Could be an issue in the way we build nuraft I did try that, using the same CI commands to build it and found the same error. Weird this does not happens in other CI's

brbzull0 avatar Mar 22 '24 14:03 brbzull0

stek_share:

[Mar 20 14:07:18.869] traffic_server NOTE: plugin.config loading ...
[Mar 20 14:07:18.869] traffic_server NOTE: loading plugin '/tmp/sandbox/stek_share/ts1/plugin/stek_share.so'
[Mar 20 14:07:18.873] traffic_server ERROR: unable to load '/tmp/sandbox/stek_share/ts1/plugin/stek_share.so': /opt/lib/libnuraft.so: undefined symbol: SSL_ctrl
[Mar 20 14:07:18.873] traffic_server FATAL: unable to load '/tmp/sandbox/stek_share/ts1/plugin/stek_share.so': /opt/lib/libnuraft.so: undefined symbol: SSL_ctrl

Could be an issue in the way we build nuraft I did try that, using the same CI commands to build it and found the same error. Weird this does not happens in other CI's

Yeah, I'm tinkering around to see I can get a nuraft build with boringssl, getting some build errors for now.

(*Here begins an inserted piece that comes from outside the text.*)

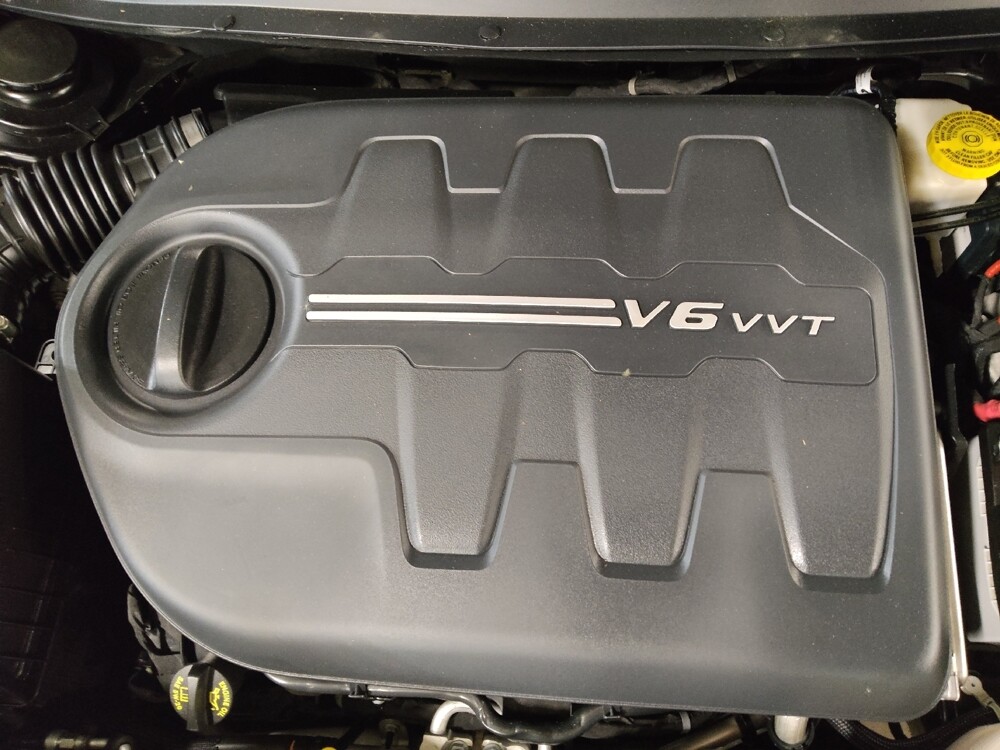 2021 Jeep Cherokee in Lubbock, TX 79424 - 18098417 30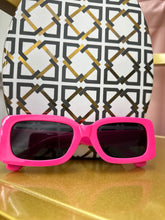 Load image into Gallery viewer, Sunglasses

duke8253 avatar Mar 22 '24 15:03 duke8253

I have a fix for the stek_share plugin now, ~I'll reference a PR once that's ready.~ #11185

duke8253 avatar Mar 26 '24 15:03 duke8253

I have a fix for the stek_share plugin now, ~I'll reference a PR once that's ready.~ #11185

Latest master quiche autests are passing now: https://ci.trafficserver.apache.org/view/master/job/master/job/quiche/315/consoleFull

Running Test stek_share:.. Passed

bneradt avatar Mar 28 '24 19:03 bneradt

The cause of 0rtt test failure is probably https://github.com/apache/trafficserver/issues/11203

maskit avatar Apr 02 '24 21:04 maskit

Closing this issue. All fixed now. Thanks to everyone!

brbzull0 avatar Apr 08 '24 10:04 brbzull0